**Source information:**
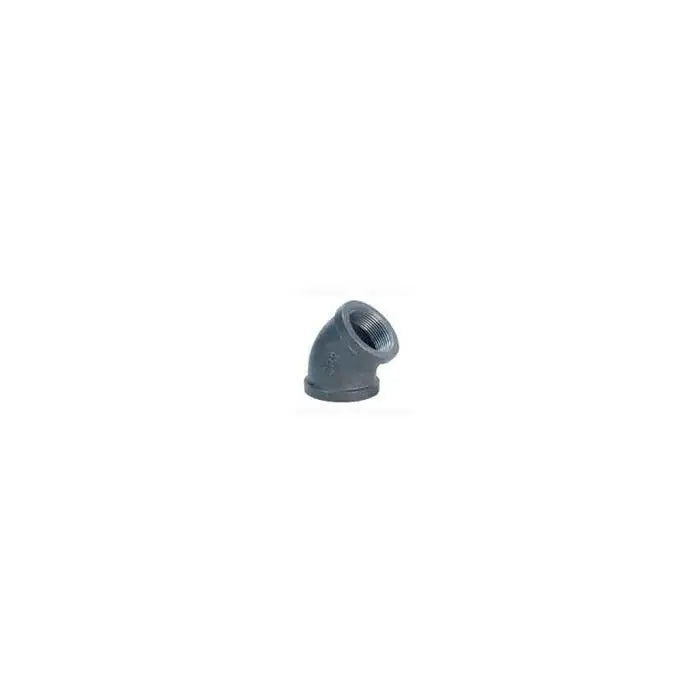 45 Degree Elbow Ductile Iron Imp For Piping Solutions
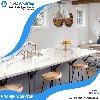 Quartz Worktops in London | 020 8368 5555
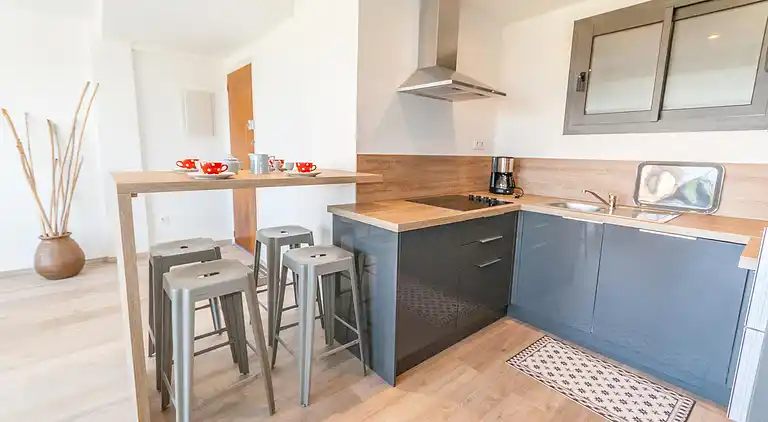 Apartment in Bon Relax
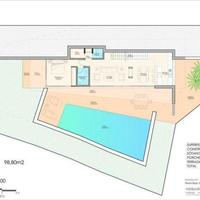 Дом в Испании, Андалусия, 449 кв.м.
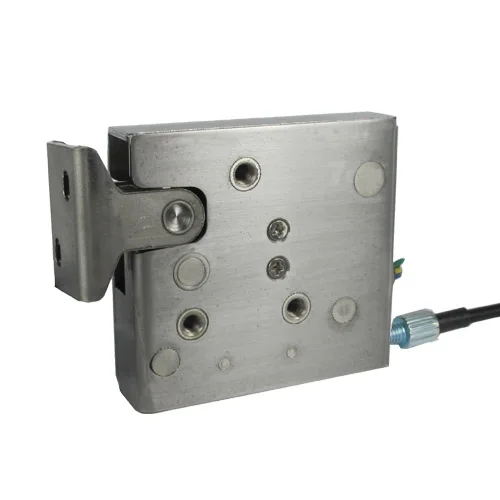 Superior Heavy Duty Electric Cabinet Lock For Vending Machine With Superior Heavy Duty Electric Cabinet Lock For Vending Machine With Reporting And Manual Override Md1220s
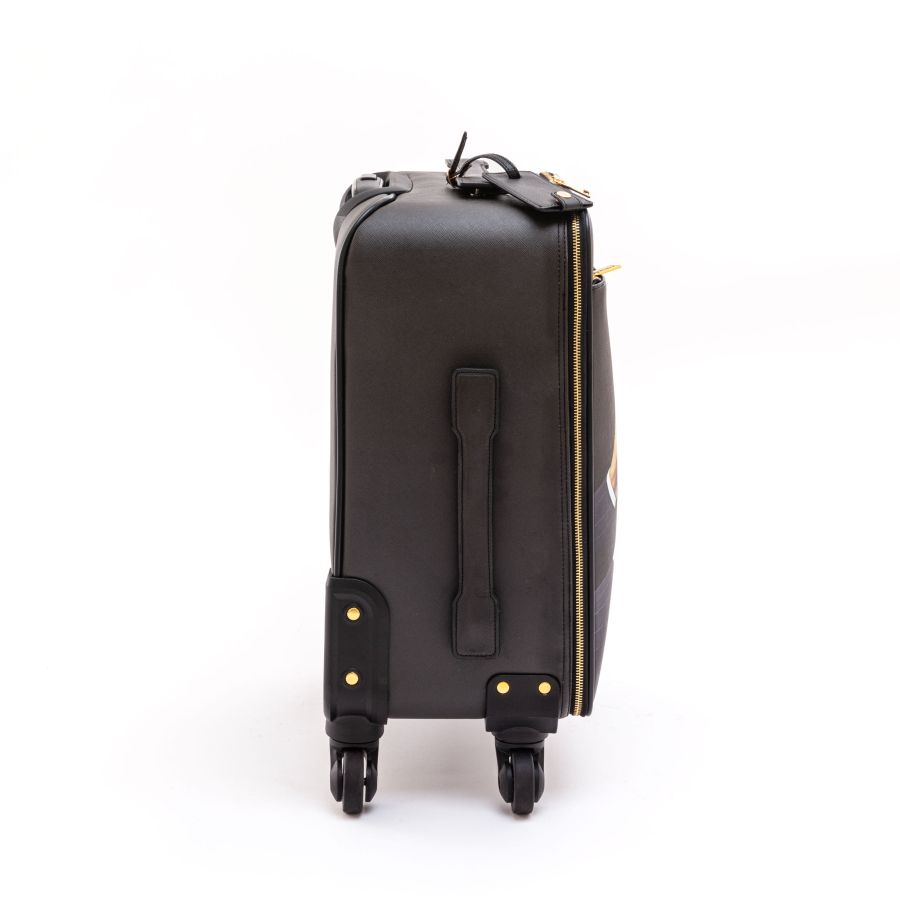 Seletti Travel Kit Trolley Snakes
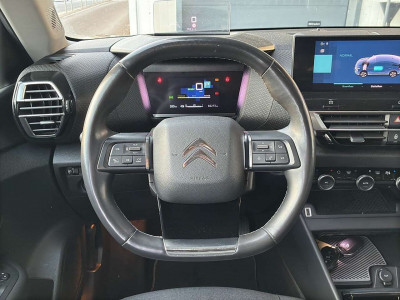Citroën C4 Gebrauchtwagen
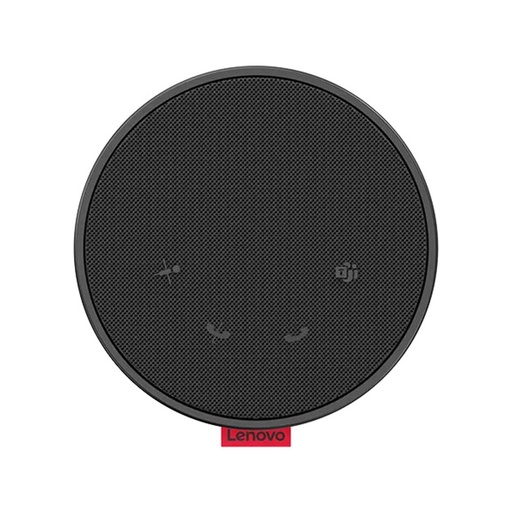 [AUD71948] Altavoz Portátil Lenovo Go 4XD1C82055 Alámbrico USB C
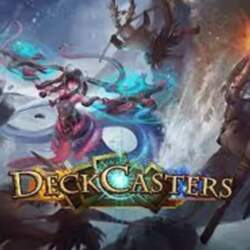 Steam gift cards Deck Casters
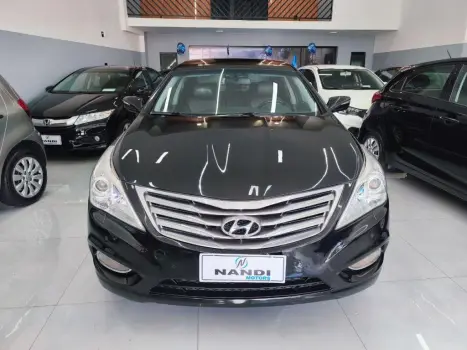 HYUNDAI Azera 3.0 V6 24V GLS AUTOM�TICO, Foto 2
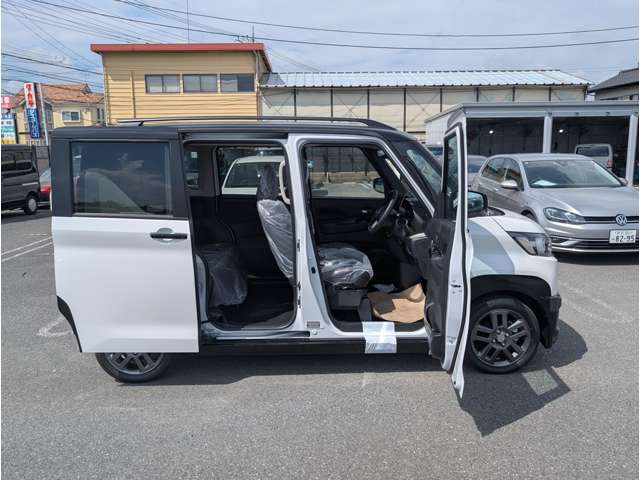 三菱 デリカ　ミニ ６６０ Ｇ プレミアム R7年 (関東) 99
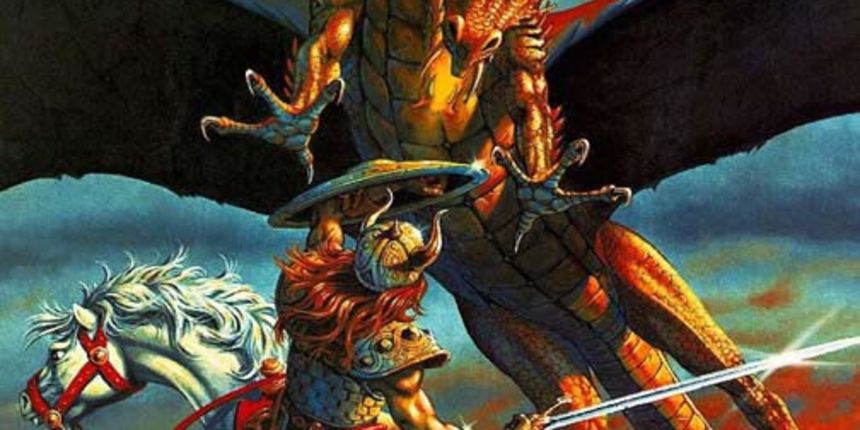 Dungeons and Dragons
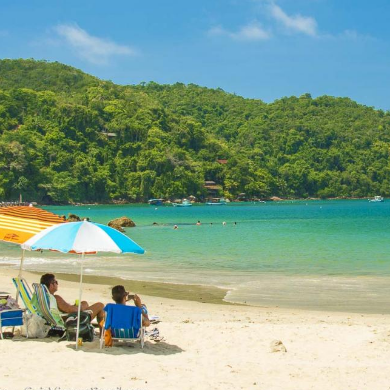 Praia da Almada
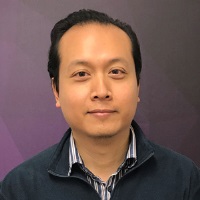 Elson Sutanto | Principal Analyst | Juniper Research » speaking at Connected Britain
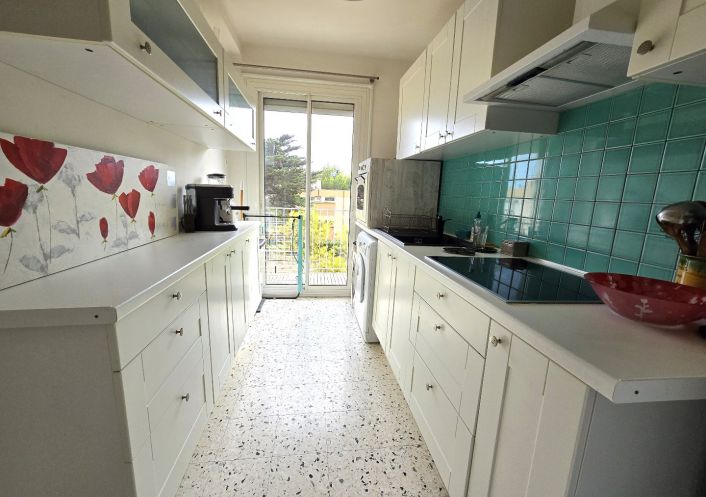 vente Appartement Sete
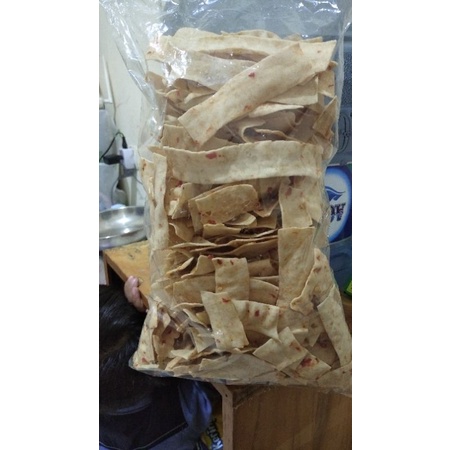 

Slondok mentah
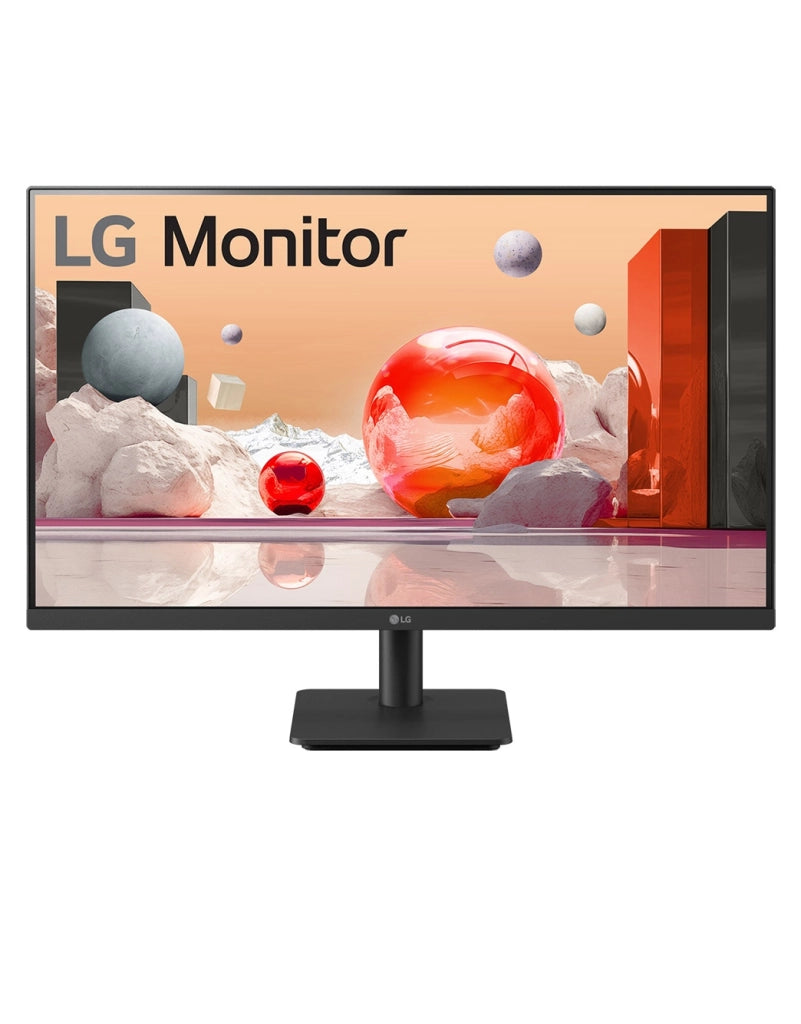 MON 27IPS FHD 100HZ HDMI MM 27BA400-B 2XHDMI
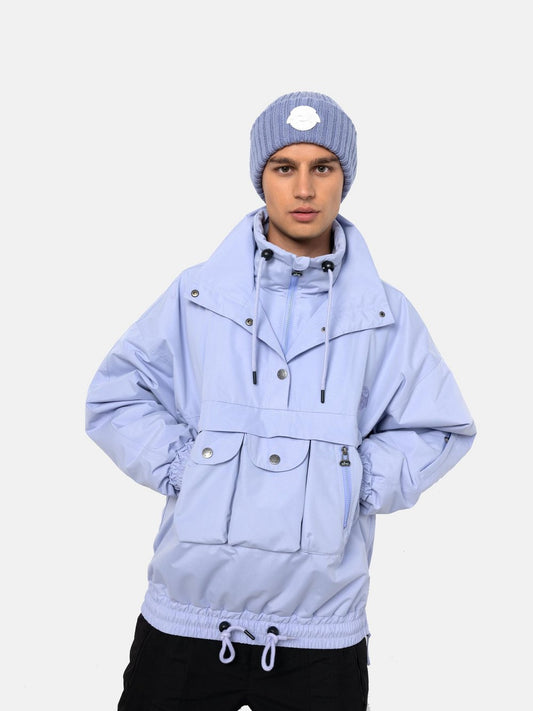 Elho Skijacke Herren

**Task goal:**
With pictures left out, repeat exactly the lines from the line bearing "Steam gift cards Deck Casters" through the final line of the records above.

**Result below:**
 Steam gift cards Deck Casters
 HYUNDAI Azera 3.0 V6 24V GLS AUTOM�TICO, Foto 2
 三菱 デリカ　ミニ ６６０ Ｇ プレミアム R7年 (関東) 99
 Dungeons and Dragons
 Praia da Almada
 Elson Sutanto | Principal Analyst | Juniper Research » speaking at Connected Britain
 vente Appartement Sete

Slondok mentah
 MON 27IPS FHD 100HZ HDMI MM 27BA400-B 2XHDMI
 Elho Skijacke Herren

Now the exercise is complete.